Government drops extra tax on banks after court rules it unconstitutional

  • ECO News
  • 9 October 2025

It's one of the new things in the proposed State Budget for 2026: the extra solidarity tax on banks is gone. The government will no longer get €40 million in annual revenue.

The additional solidarity tax levied on the banking sector will finally be eliminated after the Constitutional Court declared it unconstitutional. The measure generated €40 million in revenue per year for the state coffers.

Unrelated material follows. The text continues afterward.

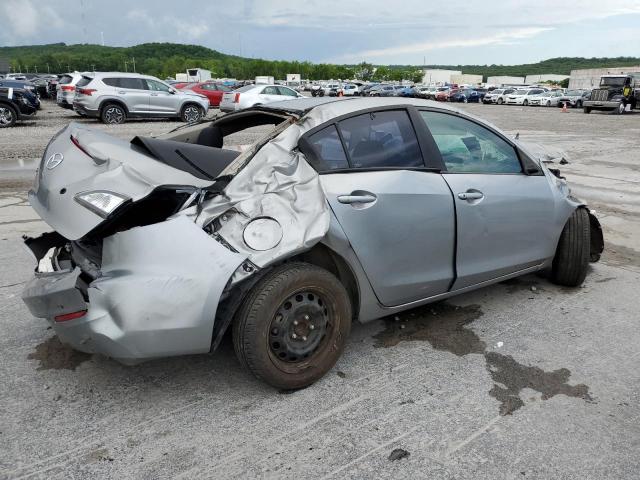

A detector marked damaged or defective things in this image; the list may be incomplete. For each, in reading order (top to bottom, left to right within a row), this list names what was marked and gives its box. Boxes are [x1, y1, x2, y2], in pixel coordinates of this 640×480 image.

crumpled hood [29, 122, 212, 238]
severely damaged car [21, 97, 604, 390] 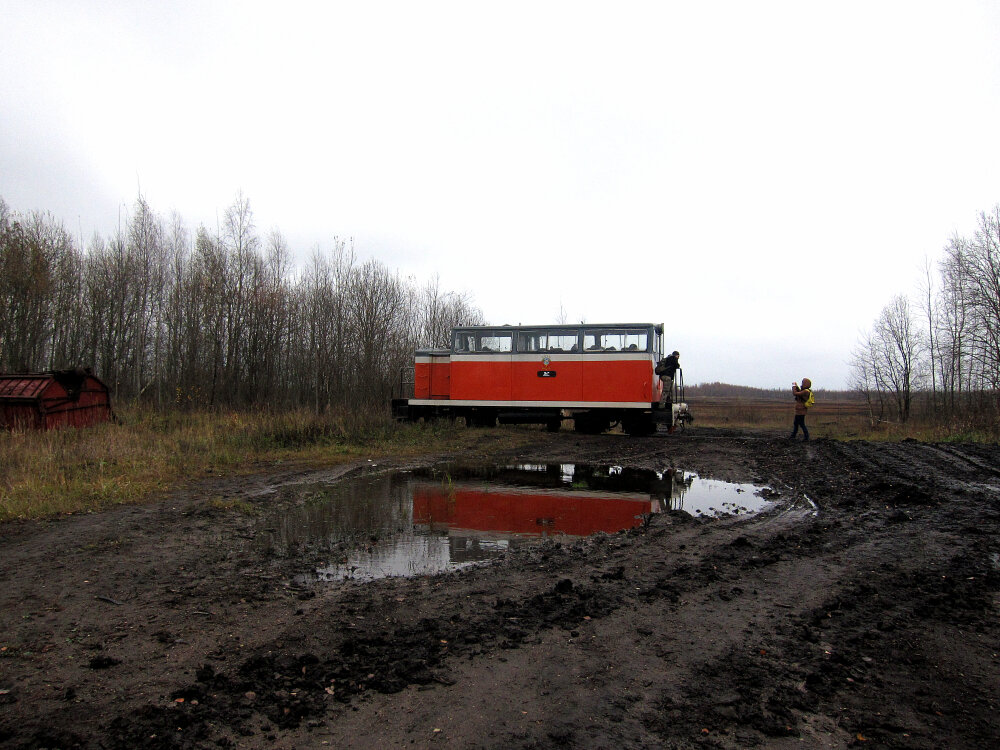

The rule repealing the banking surcharge is included in the 2026 State Budget proposal that the Government submitted to Parliament on Thursday.

Introduced in 2020, the banking surcharge was intended to finance the Executive’s response to the crisis caused by the Covid-19 pandemic. The emergency has passed, but the tax has remained in place until now, with banks contesting the decision in court.

In recent years, there have been a number of decisions in favour of the sector (more than three dozen, including judgments and summary decisions), which led the Public Prosecutor’s Office to request the Constitutional Court to review the so-called Solidarity Surcharge on the Banking Sector.

In June, the Constitutional Court declared the measure illegal, considering that the regime “violates the principle of prohibition of arbitrariness, as a requirement of tax equality”, as well as “the principle of contributory capacity”.

As a result of this decision, the Government was obliged to return to the banks the approximately €180 million unduly charged over the last five years.